[Stored items from a collection]

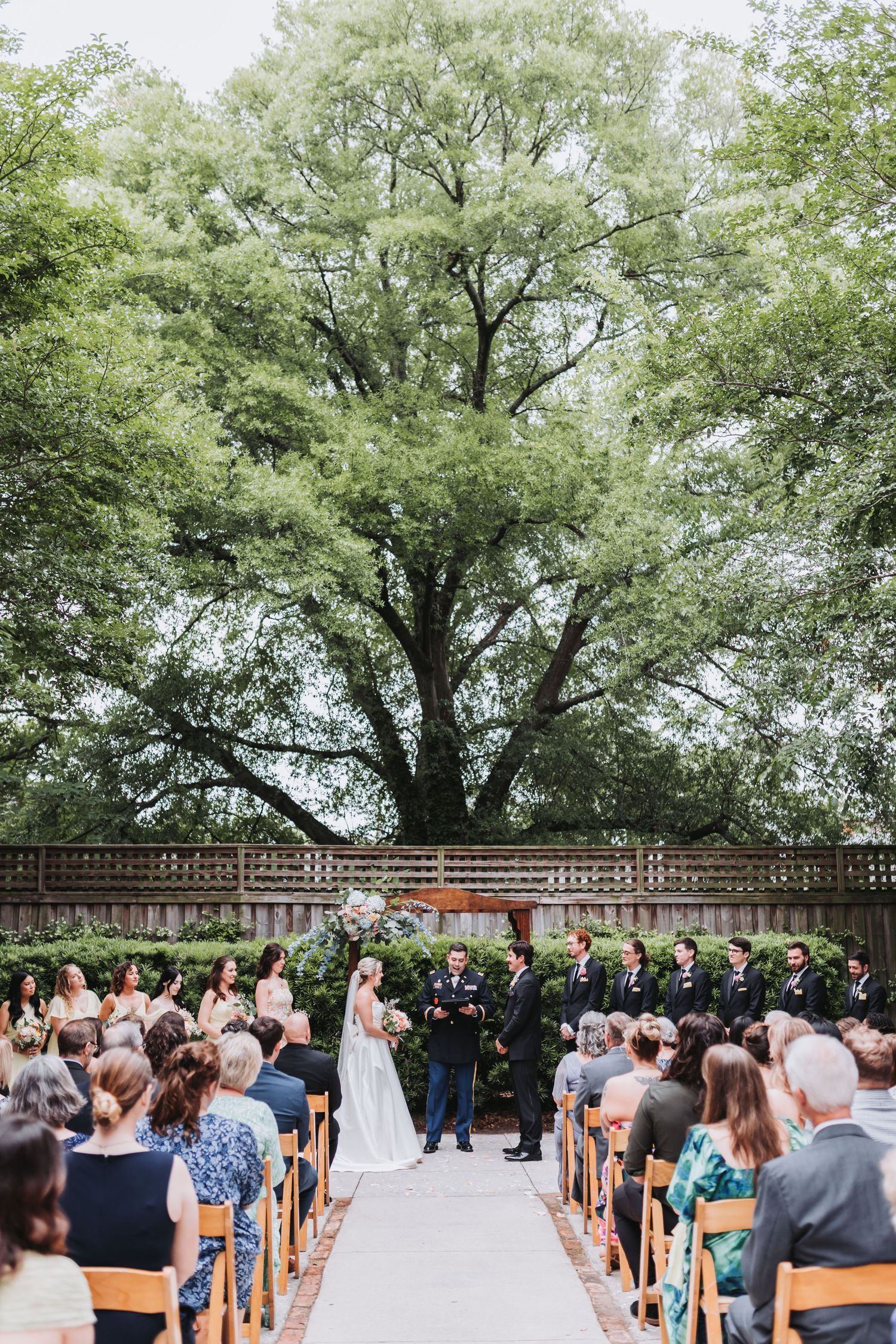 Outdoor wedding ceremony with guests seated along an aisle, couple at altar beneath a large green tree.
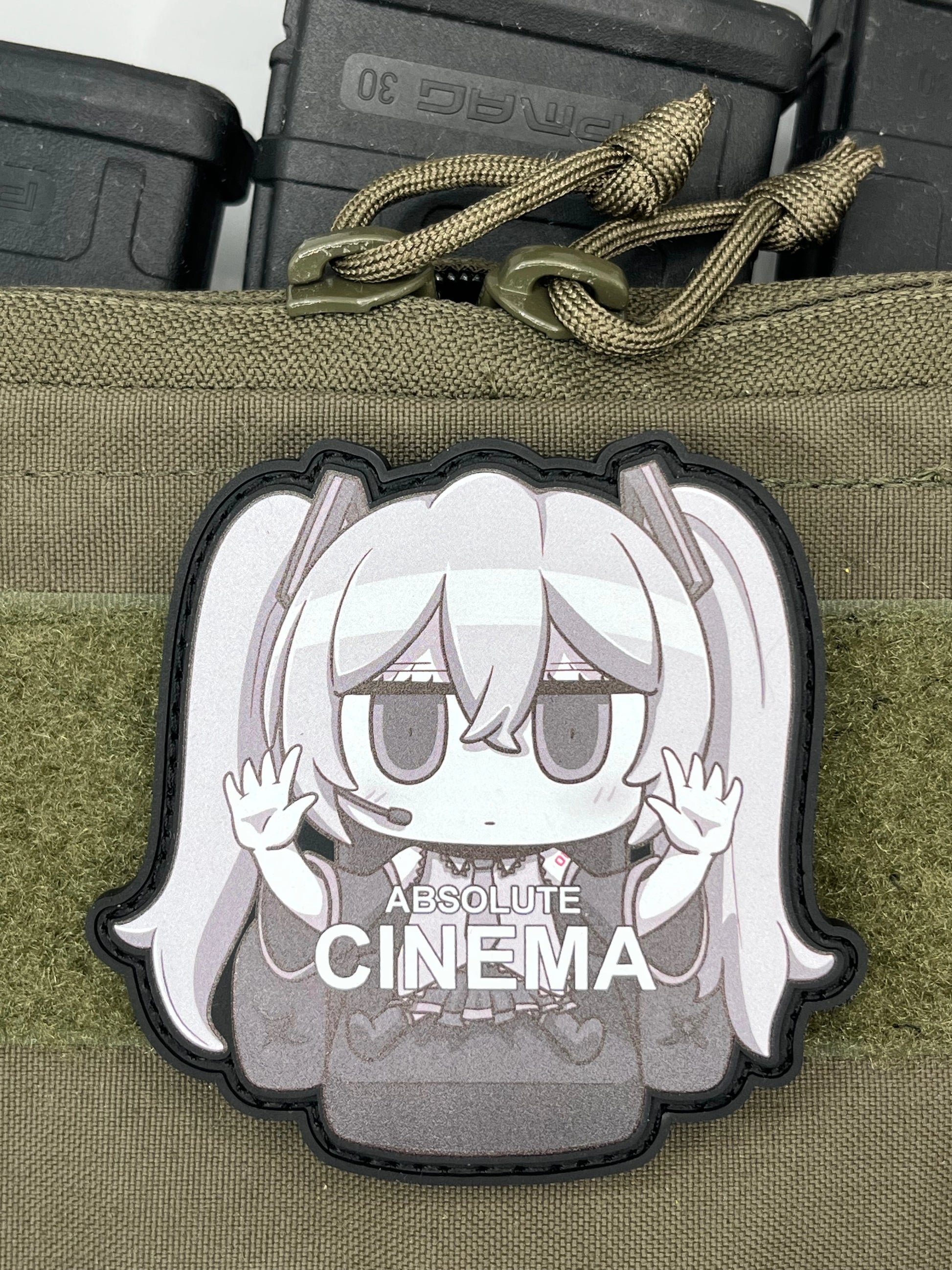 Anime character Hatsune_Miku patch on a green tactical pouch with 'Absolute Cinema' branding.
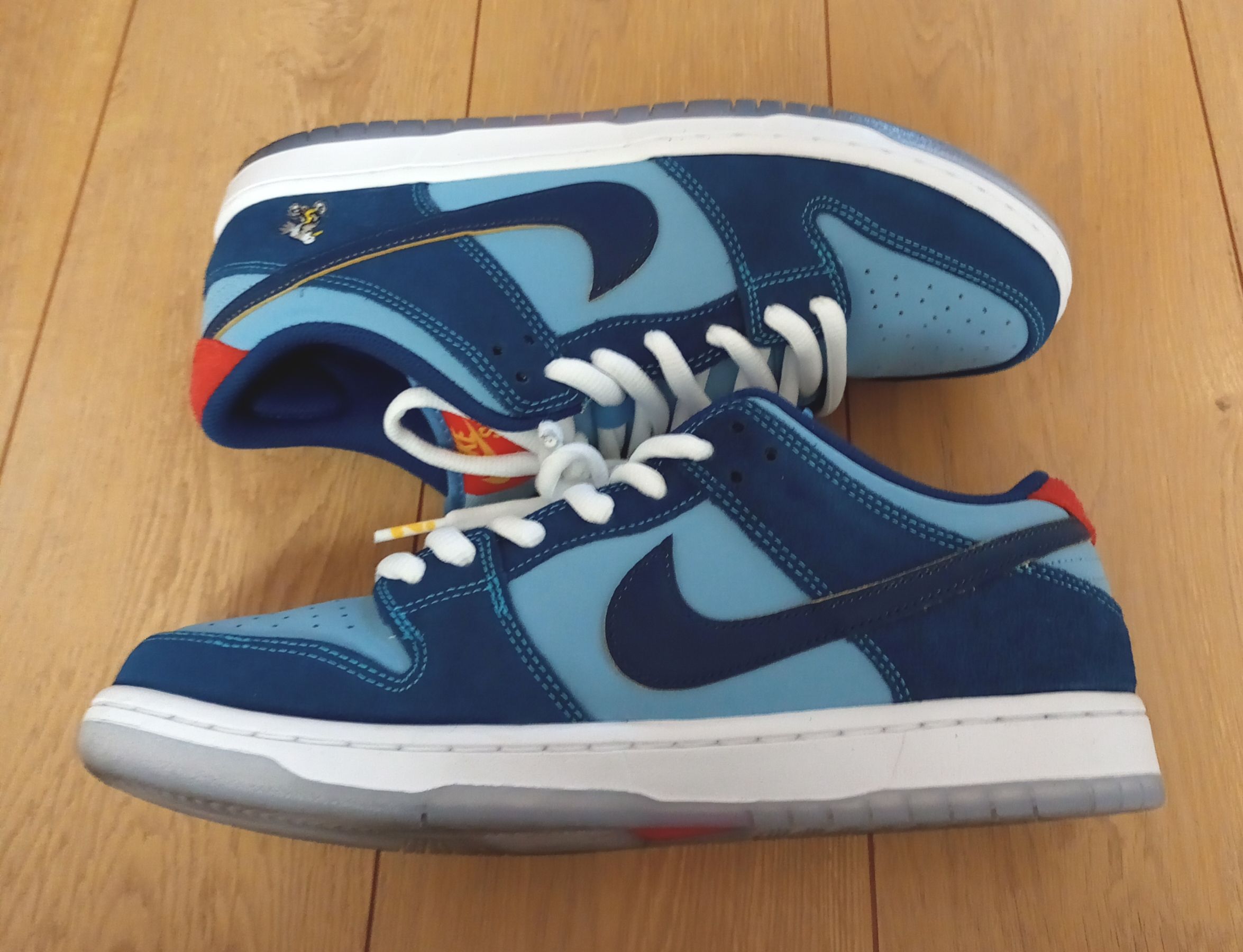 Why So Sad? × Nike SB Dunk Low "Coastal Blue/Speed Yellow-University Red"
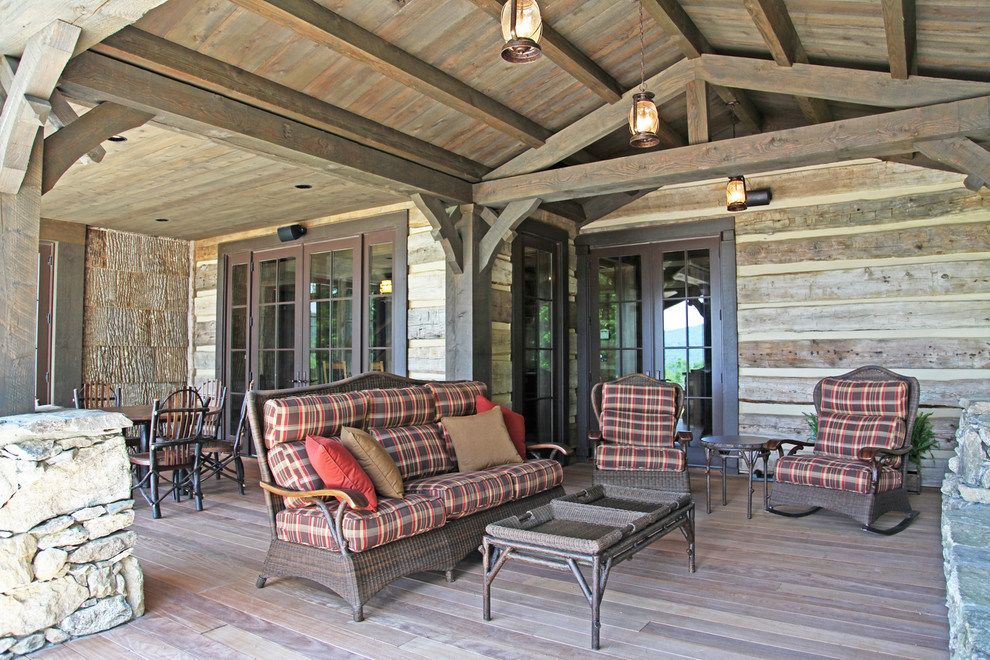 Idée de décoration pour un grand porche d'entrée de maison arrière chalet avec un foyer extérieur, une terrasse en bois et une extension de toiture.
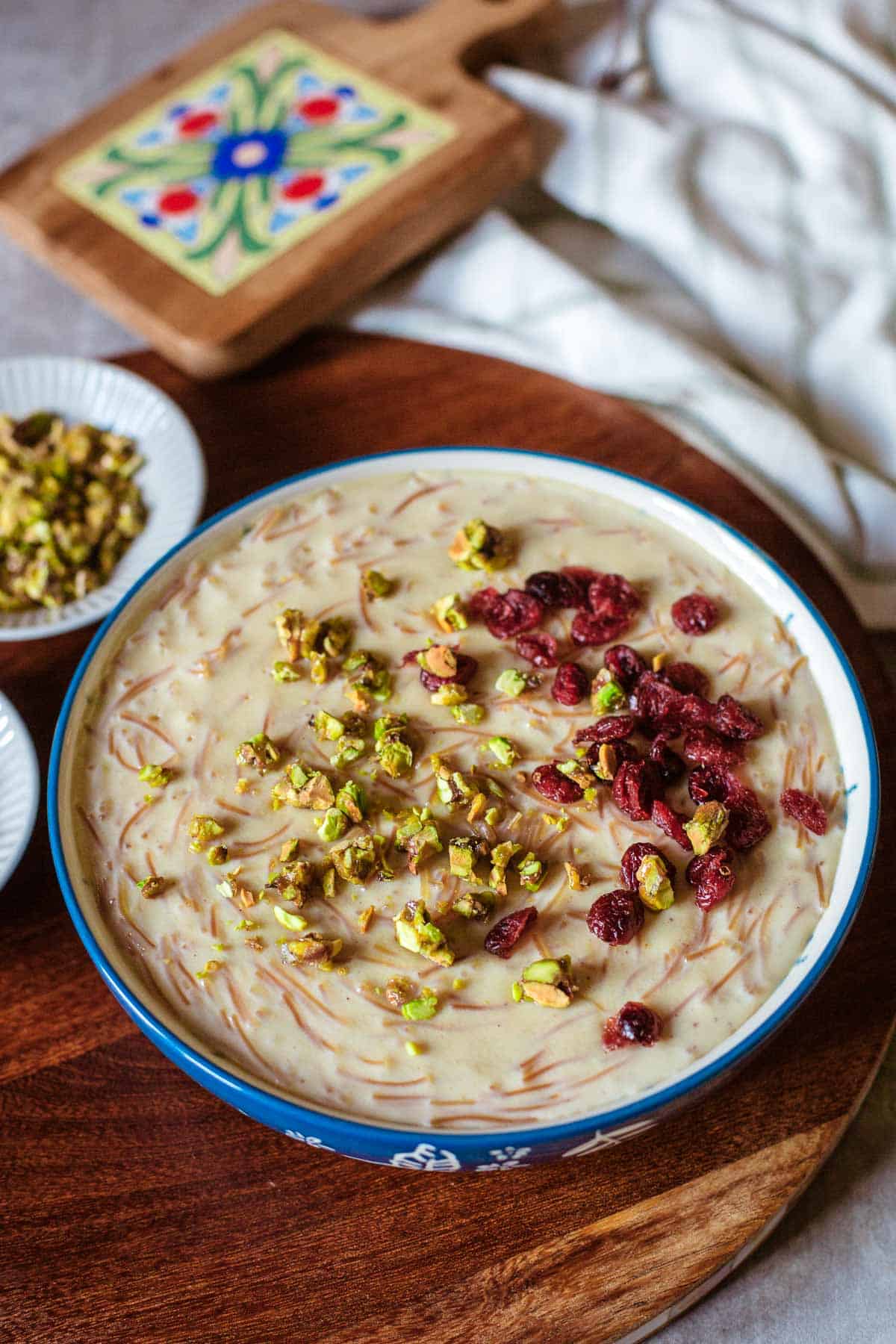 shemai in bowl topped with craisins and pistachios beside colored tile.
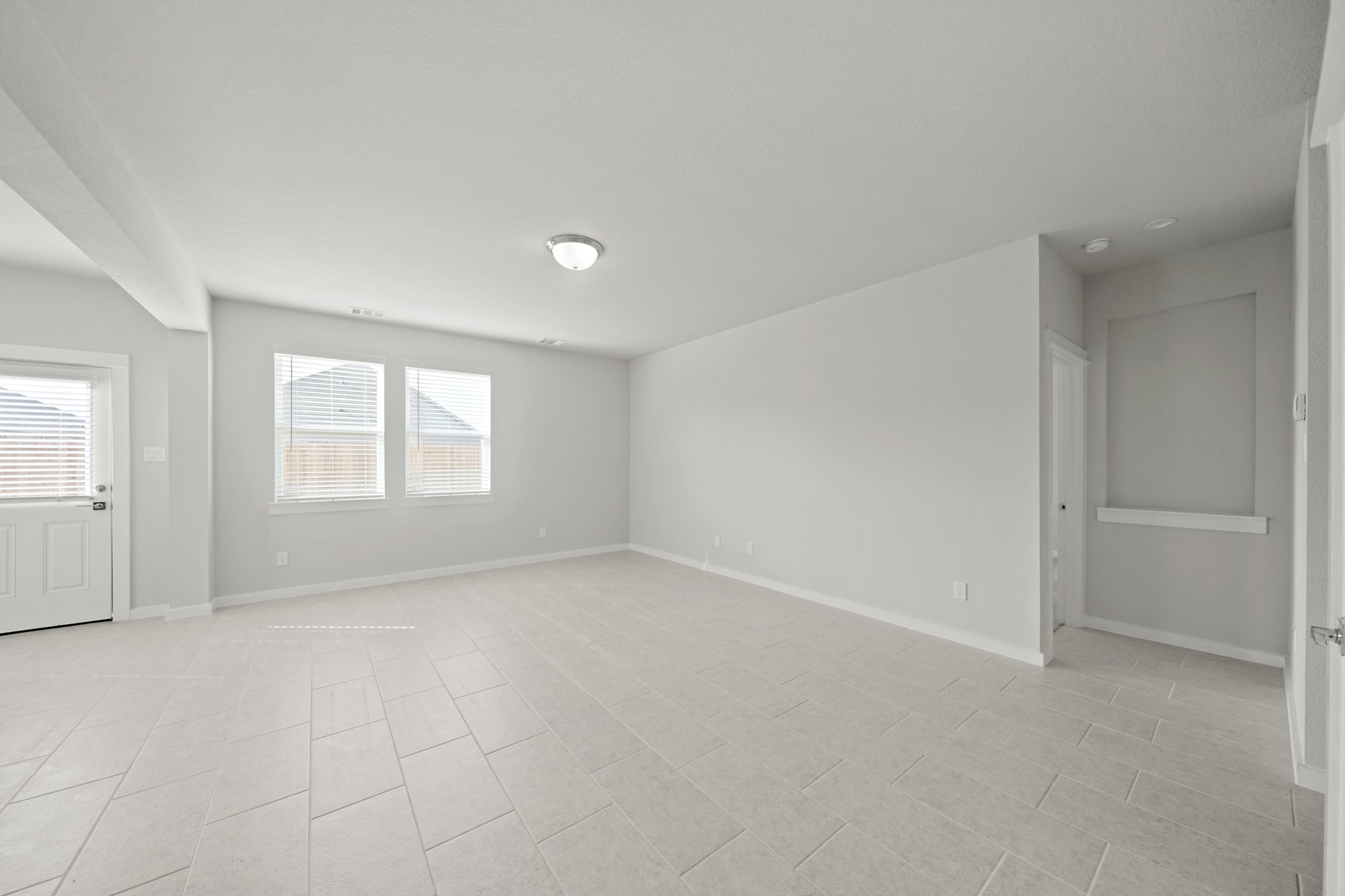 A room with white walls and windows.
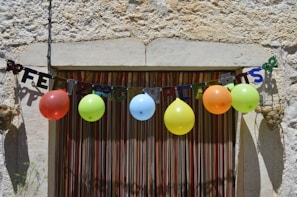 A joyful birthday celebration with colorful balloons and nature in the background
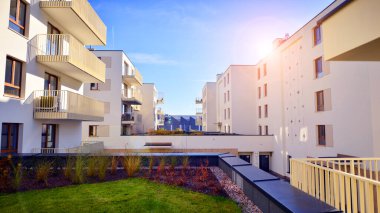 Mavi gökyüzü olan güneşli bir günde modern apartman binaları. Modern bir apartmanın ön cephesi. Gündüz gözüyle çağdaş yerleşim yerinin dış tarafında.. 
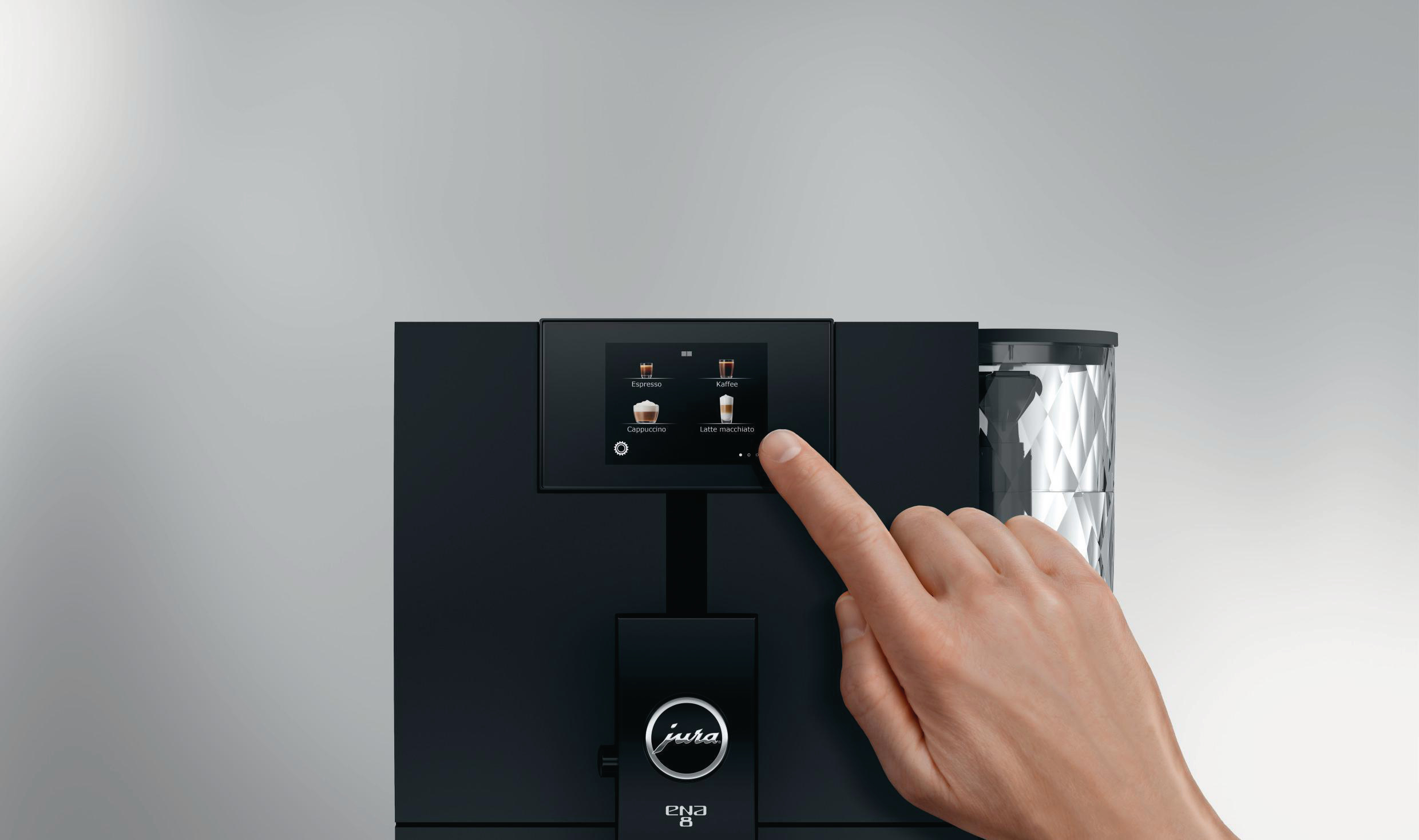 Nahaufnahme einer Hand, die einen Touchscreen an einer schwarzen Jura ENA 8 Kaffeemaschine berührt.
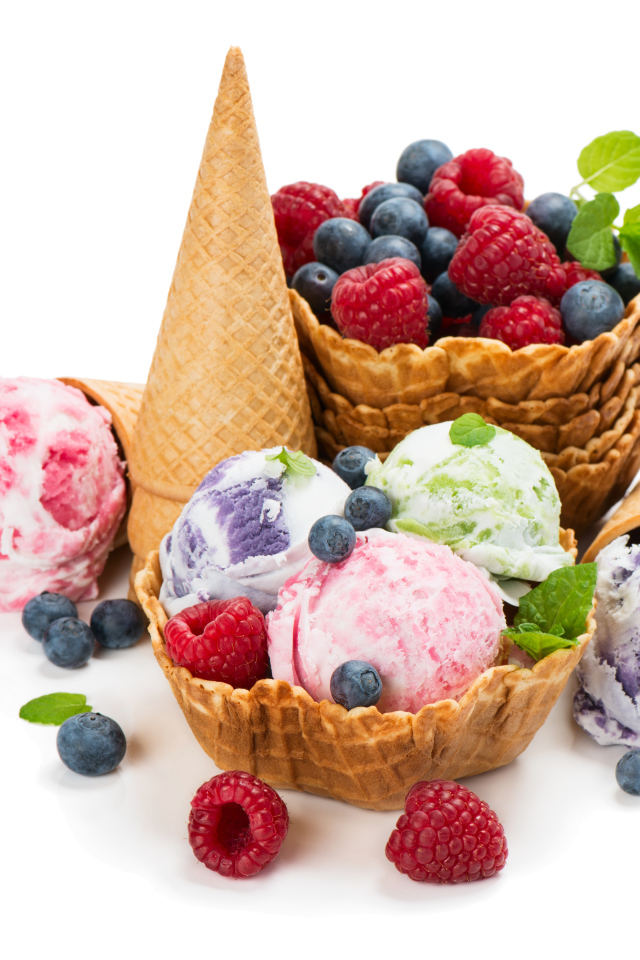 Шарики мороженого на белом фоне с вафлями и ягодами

=== Work to complete ===
The records above are to be retyped exactly, with every picture left out.

=== Output ===
 Outdoor wedding ceremony with guests seated along an aisle, couple at altar beneath a large green tree.
 Anime character Hatsune_Miku patch on a green tactical pouch with 'Absolute Cinema' branding.
 Why So Sad? × Nike SB Dunk Low "Coastal Blue/Speed Yellow-University Red"
 Idée de décoration pour un grand porche d'entrée de maison arrière chalet avec un foyer extérieur, une terrasse en bois et une extension de toiture.
 shemai in bowl topped with craisins and pistachios beside colored tile.
 A room with white walls and windows.
 A joyful birthday celebration with colorful balloons and nature in the background
 Mavi gökyüzü olan güneşli bir günde modern apartman binaları. Modern bir apartmanın ön cephesi. Gündüz gözüyle çağdaş yerleşim yerinin dış tarafında.. 
 Nahaufnahme einer Hand, die einen Touchscreen an einer schwarzen Jura ENA 8 Kaffeemaschine berührt.
 Шарики мороженого на белом фоне с вафлями и ягодами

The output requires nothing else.